La montagna del futuro si arricchisce della differenza emozione-esperienza
Oggi in merito alla montagna sembra assistere sempre più ad una linea di demarcazione che pare farsi sempre più netta tra chi vuole che la montagna resti lontana dal turismo di massa e chi non vede nulla di peccaminoso nel poter godere e far godere delle bellezze della natura sino a ieri precluse o chiuse in una scatola magica.
Basti pensare a cabine sospese, passeggiate nel vuoto, reality tv o alla nuova Skyway Monte Bianco. Oppure per rendere meglio l’idea basta riferirsi alle vette alpine della Svizzera, dove quelle ormai senza alcuna struttura turistica si contano sulle dita di una mano. Lì si trova di tutto: ristoranti, negozi Lindt e souvenir, palazzi del ghiaccio, notti negli igloo, ponti sospesi che attraversano ghiacciai e tanto altro. Il turismo montano lì va in estasi.
Tralasciando il discorso, assolutamente non secondario, che le montagne non devono essere “deturpate”, scavate ecc ecc, è utile concepire la distinzione tra emozione ed esperienza. Emozione in montagna. Esperienza in montagna. L’una distante ed intrinseca all’altra ma piena solamente in modo unidirezionale riferendosi all’esperienza. Perché chi fa un’esperienza alpinistica od escursionistica vive emozioni dense, piene non riferite solo al senso visivo o poco più (ludico-consumistiche) ma giungono di dentro. Giungere a Punta Hellbronner ed ammirare a 360° quelle visioni provoca emozioni, gli occhi giocano a ping pong tra una vetta e una cresta e un ghiacciaio e un seracco. Si riempiono di emozioni e fotografano – semmai con qualche selfie – quelle immagini per immagazzinarle e raccontare a sera del lunapark cui si è stati. Starci, però, su quella vetta, salire su quelle creste, evitare quei seracchi è un’altra cosa, non è solo emozione ma è emozione + esperienza, esperienza che a sua volta produce altri tipi di emozioni. Emozioni profonde.

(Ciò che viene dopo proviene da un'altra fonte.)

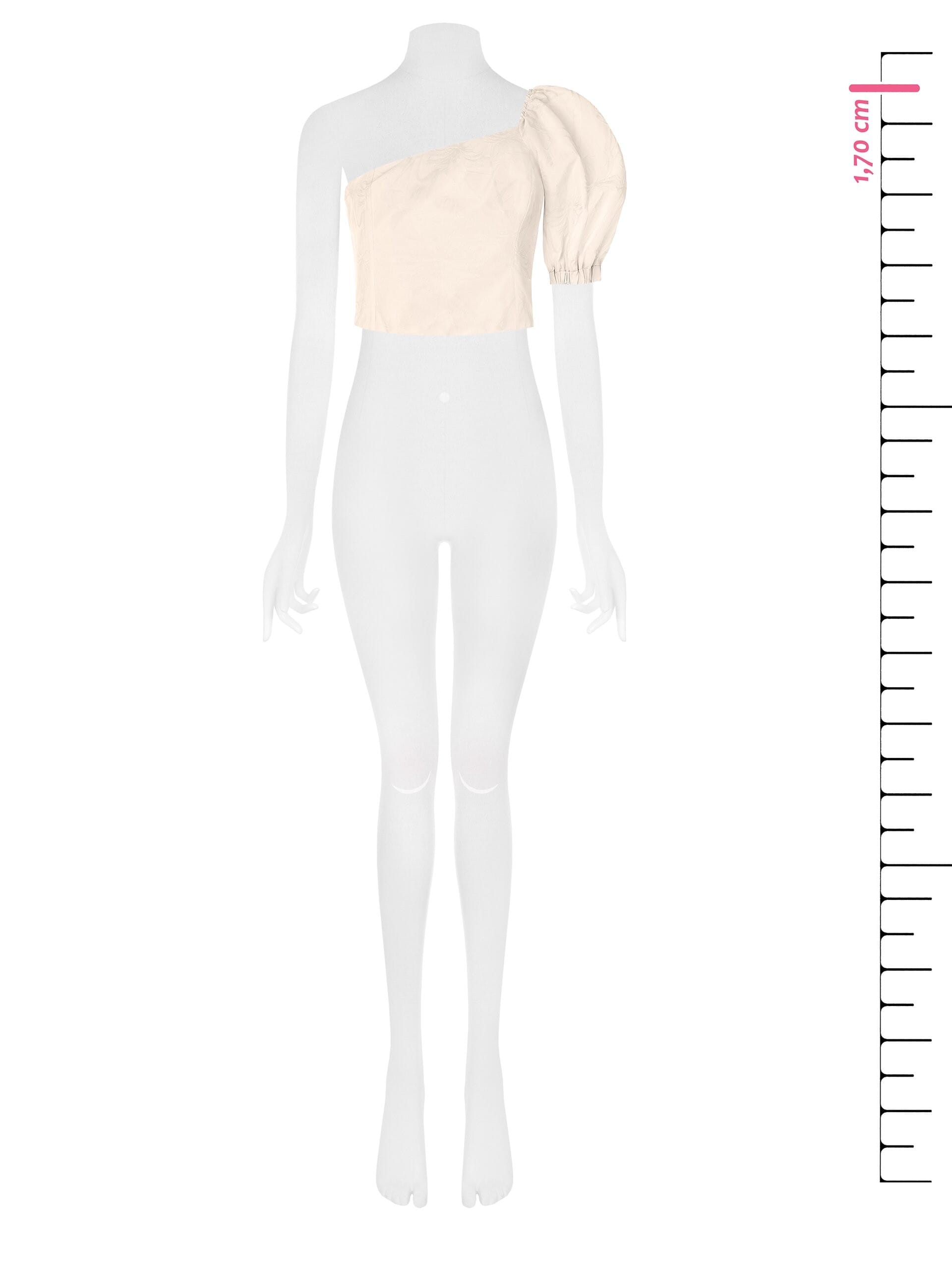 Crop Top Monospalla In Raso Jacquard Rinascimento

Forse ciò può aiutare ad affrontare le nuove visioni della montagna. Visioni distinte e distanti. Ma restare chiusi su visioni puriste potrebbe essere dannoso e lasciar campo aperto al nuovo mondo. Bisogna incontrarlo questo mondo, sedersi al tavolino, mediare, incanalare. Ebbi a dire in altro articolo qualche tempo fa che la montagna è terreno vergine da conquistare non più solo dalle cordate di alpinisti ma da cordate di capitali. E ciò soprattutto in un’era dove si è consumato e mangiato di tutto e le alte quote sono terreno da esplorare e divorare perché serbatoio di attrattive, ciò anche considerando che la crisi economico-finanziaria costringe ad essere geniali per sopravvivere.